Ask Professor Powell… your AI questions

12 min readAug 11, 2020

I will be using this blog to summarize common questions about AI along with my answers. Feel free to pose your own questions here. Questions of general interest may be replicated here (possibly edited) along with my answer (also possibly edited).

Added Sept 4, 2020:

Q: Value function approximations — Hi, I have a question on value function approximation. I defined and code my problem. I start each episode with a random policy and adjust the weights of state features in the context of gradient monte carlo algorithm and TD(0). For about the first 100 episodes the delta was decreasing, however, it started to increase afterwards. It might be a sign that the predictors are not doing right. What can I do? Shouldn’t the delta be expected to converge instead of diverge across episodes?

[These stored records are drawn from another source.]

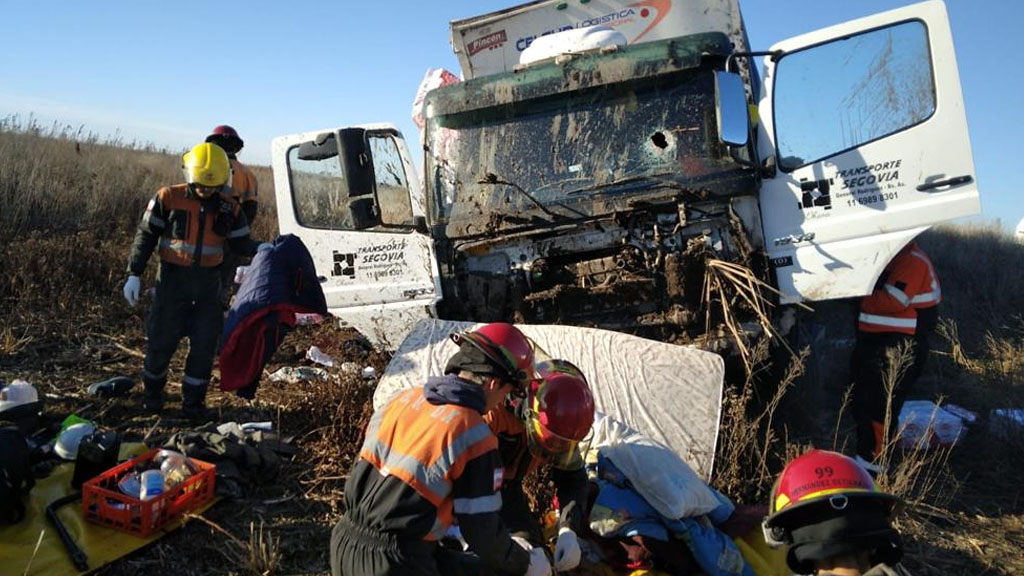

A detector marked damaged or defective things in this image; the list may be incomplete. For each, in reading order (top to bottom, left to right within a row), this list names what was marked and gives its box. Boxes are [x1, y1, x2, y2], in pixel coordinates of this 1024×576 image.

broken windshield [428, 68, 740, 235]
damaged truck cab [270, 0, 976, 346]
crashed white truck [270, 0, 976, 348] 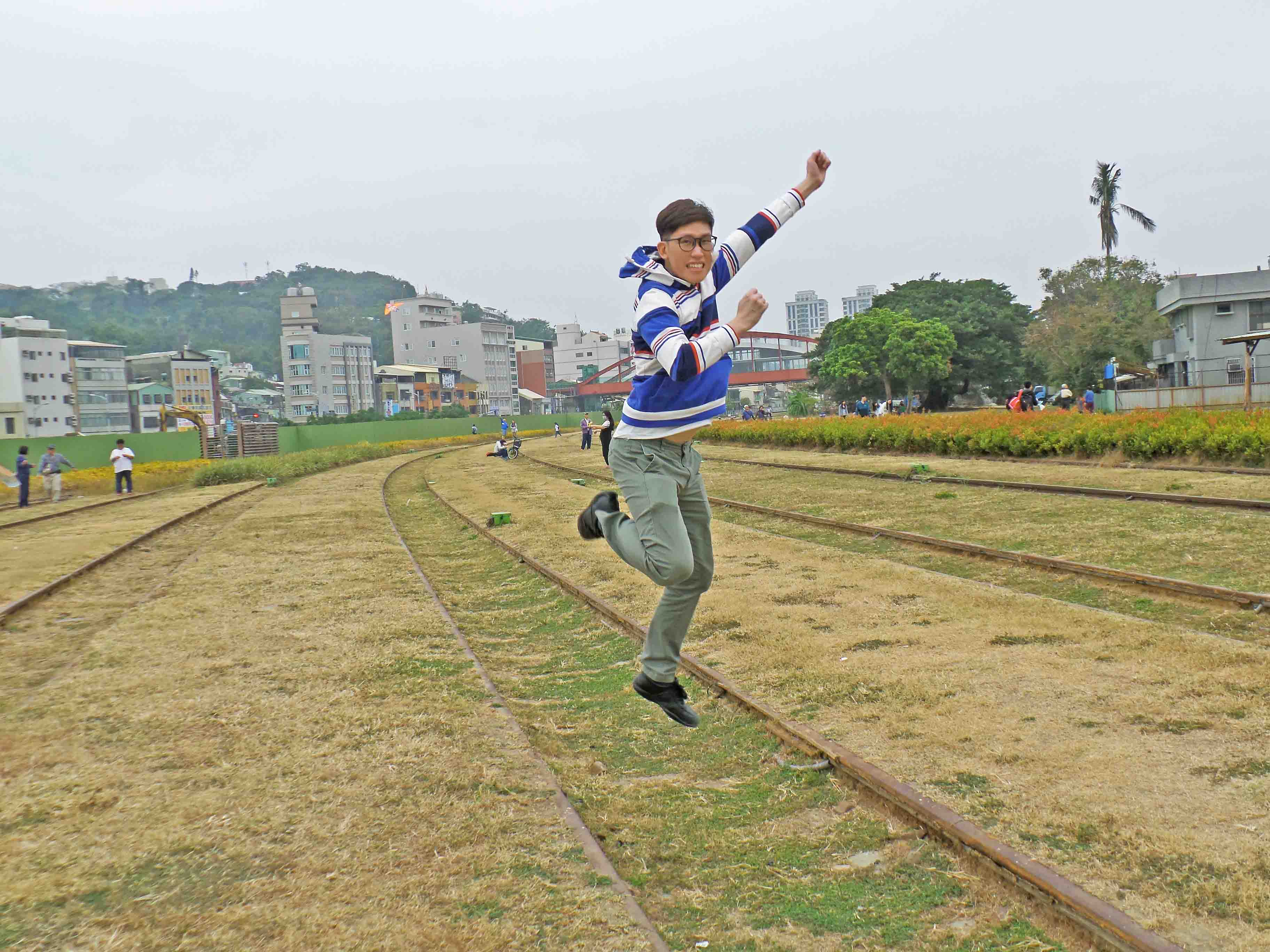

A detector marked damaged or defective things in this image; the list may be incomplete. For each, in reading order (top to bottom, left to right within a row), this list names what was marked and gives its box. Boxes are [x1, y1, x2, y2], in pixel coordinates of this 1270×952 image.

rusty rail [0, 485, 263, 627]
rusty rail [518, 454, 1270, 612]
rusty rail [701, 457, 1270, 515]
rusty rail [414, 449, 1178, 952] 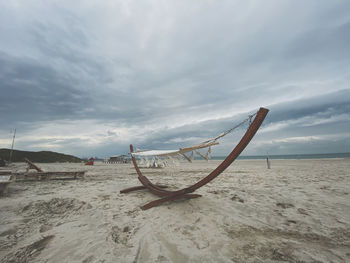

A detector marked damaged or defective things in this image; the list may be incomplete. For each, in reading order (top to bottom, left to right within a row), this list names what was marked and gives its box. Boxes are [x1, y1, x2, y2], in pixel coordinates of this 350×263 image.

rusty metal frame [120, 107, 268, 210]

These algorithms are heavily dependent on the characteristics of your problem and the specifics of your algorithm. From your reference to “weights of state features” I assume you are using a linear model for the value function V(s) (or for the Q-factors Q(s,a)) (??). There is a lot that can go wrong here. It is very easy for a linear model to be a poor approximation. I am not exactly sure what you mean by delta (is this the increment in TD(0)), I am guessing is that you were getting improvements for your first 100 iterations after which the deviations between the observed qhats and the estimates qbar of a state-action pair started to increase, indicating that your algorithm is diverging. This has happened to me, and when it does, it can easily mean that your approximating function is just not very good.

Now, I have seen this behavior even when using a lookup table for a problem with discrete states and actions. So, a lookup table does not introduce the types of structural errors that a linear VFA might, but you still have errors in the estimates of the value of a s-a pair (just as you get have errors in the estimates of the values of your weights in your linear model).

So, now I have to better understand your training policy. You said that you started each “episode” with a random policy. I am not quite sure what you are meaning by an episode. Is your problem stationary/infinite horizon, or finite horizon? Are you training purely with a random policy? or are you using your VFAs as the basis of your policy? There are problems with both of these (!!!). If you are training based on a random policy, this can be very suboptimal, which means you are effectively learning the value of a bad policy. But if you are using the VFAs as the basis of your policy, this can also be bad! (Having fun yet?).

VFA-based policies can work extremely well, but I have only had good success when I can exploit problem structure. If you go to my online book on sequential decision analytics , search on the chapter on blood management. I show how to estimate VFAs that are concave in the number of units of blood. Concavity is a powerful property, and it dramatically accelerates the learning.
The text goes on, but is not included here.